A significant contributor to rising longevity is the higher life expectancy experienced by successive cohorts in middle and later ages. This suggests that debates on inequality and social protection systems in Singapore need to take successive cohorts, especially more recent ones, into account, rather taking aggregate mean or other indicators. An explanation by the policymakers concerning how this factor has been taken into account, including assumptions made, and simulations conducted, would be helpful in enhancing public policy discussions.

The authorities are strongly urged to consider publishing actual cash balances of all members of the Central Provident Fund (CPF), suitably classified by age, sex and other indicators; routinely publish actual nominal and real returns on CPF balances (which were SGD253 billion as at end 2013, equivalent of 68 percent of GDP) earned by Singapore as a country, as well as the return credited in the individual accounts of members; and publishing household consumption, and income­ expenditure surveys on a regular and comprehensive, and transparent basis. These would be consistent with the spirit of Mr Picketty’s book and the current global debate on inequality.

In public policy debates on inequality and on special security reforms, the policymakers have the tendency to say, “Trust us”. The stakeholders increasingly lean towards “trust but verify” mind­set. Unless policymakers enable stakeholders to credibly verify official data and information, and unless there is consistency between words and deeds, virtuous circle cannot be sustained in the future.

Establishment of such a virtuous circle is essential as research suggests that the role of perceptions is also important in the inequality debate is consistent with the above argument. As an example, people in Germany perceive inequality to be worse than it actually is, while the reverse is the case for the US.

Given below is a summary of specific measures meriting consideration of the policymakers, which could assist in better addressing the inequality issue in Singapore.

One, Social (not commercial) insurance principles for CPF life, with benefits linked to relative income, and the difference between receipts and benefits filled through budgetary resources.

Two, Social insurance principle for Medishield Insurance scheme. In One and Two, this would mean that premiums or annuity costs will not differ between men and women, and will not be based on age. Future benefits will also be made more certain, and actuarial calculations, with all assumptions, published in a manner than can be duplicated by the analysts.

Three, Introduction of social pension to all elderly beyond 65 years of age, but benefits made taxable.

Four, Crediting CPF members with the returns actually obtained from CPF balances in a transparent and accountable manner, or provision of a rationale as to why that is not an appropriate policy.

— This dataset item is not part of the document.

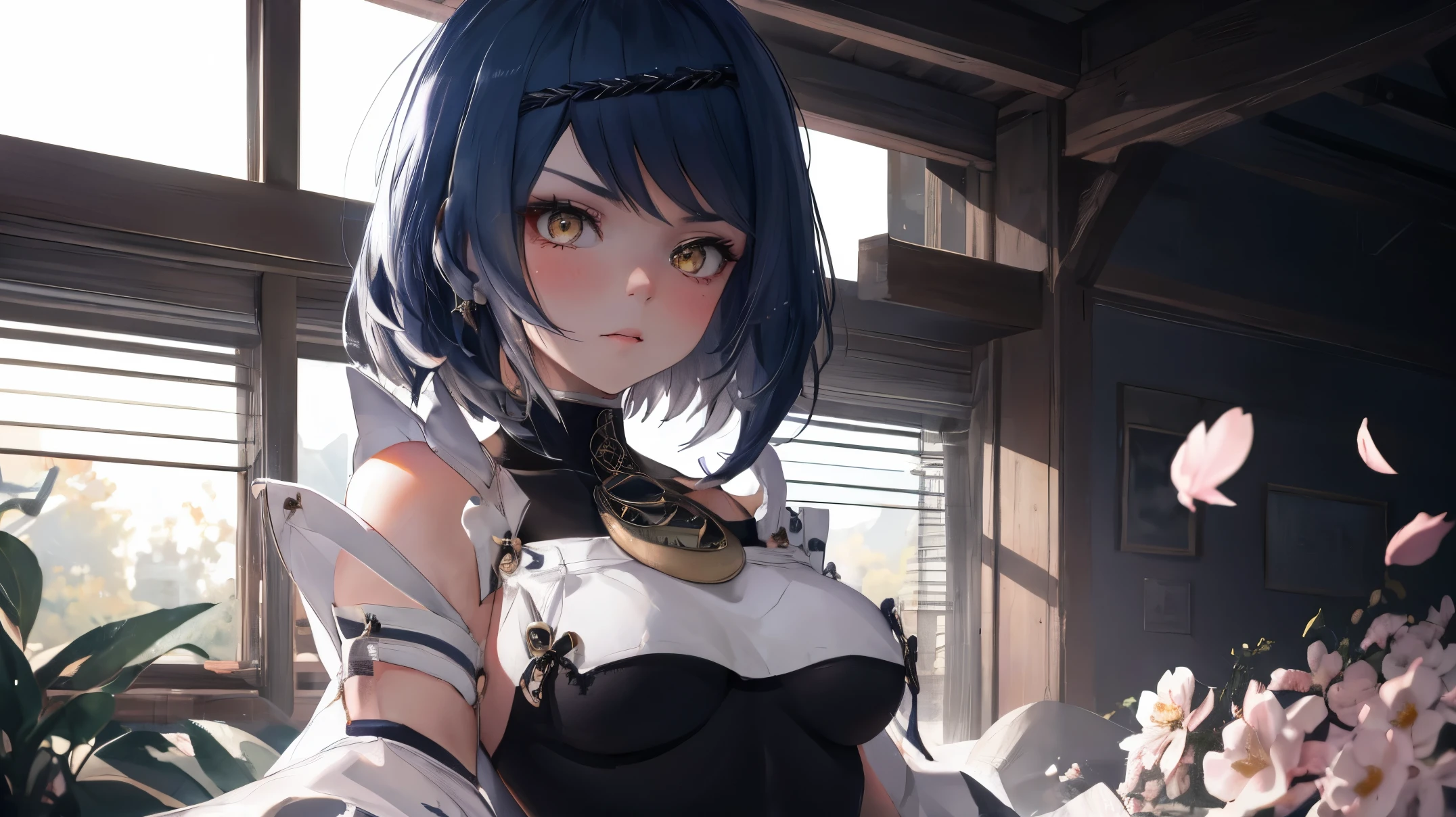 Kujou Sara|Genshin Impact, （（best quality））， （（Masterpiece））， （details：1.4），(Tiny micro bikini in mesh material..), large breasts, Beautiful cyberpunk woman portrait，HDR（high dynamic range），Ray traching，NVIDIA RTX，high resolution，Illusion 5，Sub-surface scattering，PBR surface，After the process，Anisotropy filtering，Maximum depth of field and sharpness of every surface layer，Albedo and Specular Maps，Surface Color Adjustment - Accurate simulation of material interactions.，Perfectly proportioned，Display with octane number，Two-color light，large aperture，Low ISO value，white balance，The Three Rules、8K raw data、Beautiful bright blue pupils，Off-the-shoulder cloth student，Delicate face and eyes，Long eyelashes，Blush，Hair is delicate and soft.，pink lips，pure，Cute face，Sweet Girl，Artistic sense，Casual wear，Advanced，butterfly，Cherry blossom petals，Beautiful hair accessories，long hair and waist，Hair blowing in the wind，Snow white fox ears，pinch，snow-white fluffy tail,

Five, Selective increases in taxes on capital income (eg: slightly raising the corporate income tax; inclusion of certain interest, dividend, and capital gains income in income tax).

Six, Broadening the scope and enhancing benefit levels of social welfare programs, linking them to ameasure of inflation.

Seven, Fine tuning business location based strategy to narrow the gap in labor income between low and high wage earners; and arrangements to assist workers affected by disruptive technologies and other factor requiring deeper and more frequent restructuring.

Eight, Take concrete actions to address the perception that the groups from which selection ofpersons with opportunities for upward mobility, and for access to high incomes and power is narrowing significantly.

Implications for India

In spite of significant differences between India and Singapore, there are implications from the above analysis for enhancing quality of inequality and social protection debate in India as well.

First, the database for India’s labour supply and demand and for household income and expenditure needs to be considerable strengthened. This will help in designing and implementing better policies with lower inclusion errors (inclusion in a program of those who should not be included according to the criteria set), and lower exclusion errors (excluding those who should be included in the program).

Second, social security institutions are currently not providing sufficient data for transparency and accountability. Thus, the Employees Provident fund organisation (EPFO) does not provide data on actual contributions and members; actuarial reports of its Employees’ Pension scheme (EPS); and its performance indicators in the annual Report.

The PFRDA (Pension Fund Regulatory and Development Authority) does not publish returns obtained by fund managers on a routine basis, and the classification of members by balances, age, gender and other characteristics. Its Annual Report is however of good quality and can be further improved.

The actuarial reports of the civil service, military, railways, public sector financial institutions are also
not transparently made available to enhance management accountability.

The Employees’ State Insurance Corporation’s (ESIC) Annual Reports provide insufficient information on the management performance. Its actuarial reports are also not published, greatly diminishing transparency and accountability.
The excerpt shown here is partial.